In March, Nobelist and NYT columnist Paul Krugman commented on this same phenomenon:
The fact that she’s so well qualified is, of course, the reason she’s being attacked so fiercely. Nothing could be worse, from the point of view of bankers and the politicians who serve them, than to have consumers protected by someone who knows what she’s doing and has the personal credibility to stand up to pressure.
We are at WAR, after all, and the rules of engagement say Take No Prisoners.  This is a war on the middle and lower classes of the USA, and no Elizabeth Warren cum Jeanne D'Arc is getting out alive.

I figured this out yesterday, when the May 23 headline of Investors Business Daily (not available free online) shouted "1,000 Small Banks May be Shut Down Due to Dodd-Frank."  Subtitles:  A Flood of Costly New Rules" and "Banker Scourge Warren vows aggressive efforts by her consumer agency."  The article goes on to quote Warren:
'We will build a strong enforcement arm.  More than half our budget will be committed to establishing supervision and meaningful enforcement.'  That has bankers petrified...

The powerful credit cop also will enforce "fair-lending" rules outlawing credit discrimination...
Sounds pretty scary to me.  Enforce banking regulations?  Outlaw discrimination?  Terrifying.  Course it just might save us from the major depression that's looming, if banks are actually called to account, and prevented from bamboozling their clients, mortgagees and insurers.  What a brave new world that would be. Better take down the interim head (Professor Warren) of what Investors Business Daily termed "the only agency dedicated solely to consumer protection" before the agency even launches in July.  Can't let the plebeians win even one battle in this war.  Wouldn't want them getting any ideas.

UPDATE:  I got an email signed by Sen. Al Franken just now asking me to sign a petition asking Obama to make a recess appointment of Elizabeth Warren to head the Consumer Financial Protection Bureau.  This because Repubs have said they will block all appointments to lead this agency unless the scope of the agency is changed (read: agency is disempowered).  So I signed.  We plebes have to do something to defend ourselves.  Consider signing.

1 comment:

  1. Banks only have to hold one day capital for derivatives and trading securities. This is called value at risk, VAR. VAR is the amount of loss at the 95th percentile.

    http://blogs.reuters.com/commentaries/2009/07/16/goldman-liquidity-and-var/

    "Like its peers, Goldman publishes VAR on a one-day basis, reflecting price changes from one evening’s close to the next.
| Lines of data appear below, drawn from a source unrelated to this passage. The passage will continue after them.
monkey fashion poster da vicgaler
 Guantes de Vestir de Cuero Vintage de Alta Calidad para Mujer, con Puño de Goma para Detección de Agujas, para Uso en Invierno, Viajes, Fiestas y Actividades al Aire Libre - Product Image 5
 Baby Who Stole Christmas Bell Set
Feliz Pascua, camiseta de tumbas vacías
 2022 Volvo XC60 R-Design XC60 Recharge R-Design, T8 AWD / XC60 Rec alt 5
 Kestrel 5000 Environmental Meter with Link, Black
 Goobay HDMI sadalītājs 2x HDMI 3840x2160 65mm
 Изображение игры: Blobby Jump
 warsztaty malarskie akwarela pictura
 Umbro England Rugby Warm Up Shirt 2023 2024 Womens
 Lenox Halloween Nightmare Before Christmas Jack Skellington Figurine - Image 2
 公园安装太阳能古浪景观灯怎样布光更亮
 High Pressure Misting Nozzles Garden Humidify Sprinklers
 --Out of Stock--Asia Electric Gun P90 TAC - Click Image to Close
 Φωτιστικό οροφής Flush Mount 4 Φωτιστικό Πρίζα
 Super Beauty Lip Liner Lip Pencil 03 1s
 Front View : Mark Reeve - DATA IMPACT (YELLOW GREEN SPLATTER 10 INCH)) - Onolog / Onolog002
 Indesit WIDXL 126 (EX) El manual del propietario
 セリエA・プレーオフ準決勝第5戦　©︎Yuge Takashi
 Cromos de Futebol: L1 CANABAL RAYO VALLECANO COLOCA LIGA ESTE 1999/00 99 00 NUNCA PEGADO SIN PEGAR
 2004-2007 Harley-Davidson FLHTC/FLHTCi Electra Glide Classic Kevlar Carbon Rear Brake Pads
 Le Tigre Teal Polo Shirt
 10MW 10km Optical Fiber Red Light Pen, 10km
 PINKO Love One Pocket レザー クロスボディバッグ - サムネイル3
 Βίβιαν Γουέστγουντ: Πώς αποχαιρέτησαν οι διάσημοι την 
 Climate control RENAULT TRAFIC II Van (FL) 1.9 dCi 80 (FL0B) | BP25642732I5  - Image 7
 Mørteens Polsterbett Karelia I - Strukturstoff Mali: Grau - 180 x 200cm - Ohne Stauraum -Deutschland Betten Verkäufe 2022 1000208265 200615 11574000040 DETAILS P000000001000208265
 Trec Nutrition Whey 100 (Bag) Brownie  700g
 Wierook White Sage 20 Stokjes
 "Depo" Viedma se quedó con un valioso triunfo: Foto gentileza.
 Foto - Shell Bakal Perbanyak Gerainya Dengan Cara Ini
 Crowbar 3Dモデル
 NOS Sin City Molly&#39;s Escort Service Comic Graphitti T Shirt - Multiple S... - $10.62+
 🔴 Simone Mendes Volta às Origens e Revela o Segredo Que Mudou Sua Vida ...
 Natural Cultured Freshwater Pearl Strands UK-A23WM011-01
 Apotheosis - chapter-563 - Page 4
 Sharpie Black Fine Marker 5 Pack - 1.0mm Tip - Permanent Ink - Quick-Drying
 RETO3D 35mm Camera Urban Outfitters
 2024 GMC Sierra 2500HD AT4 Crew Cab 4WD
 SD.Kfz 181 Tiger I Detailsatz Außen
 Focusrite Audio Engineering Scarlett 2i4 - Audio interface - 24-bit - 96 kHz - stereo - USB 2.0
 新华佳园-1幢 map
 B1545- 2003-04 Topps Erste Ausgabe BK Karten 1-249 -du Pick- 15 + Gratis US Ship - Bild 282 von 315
    But there is nothing special about a one-day horizon (and in some ways it is a very unrealistic measure of risk since a large financial institution would find it impossible to exit all its positions over such a short period)."

    Insurance companies have to use 30 years to compute value at risk for their capital. They are state regulated. AIG's FP unit was not under state regulation so it was not subject to this reporting. The insurance units were and did not have trouble.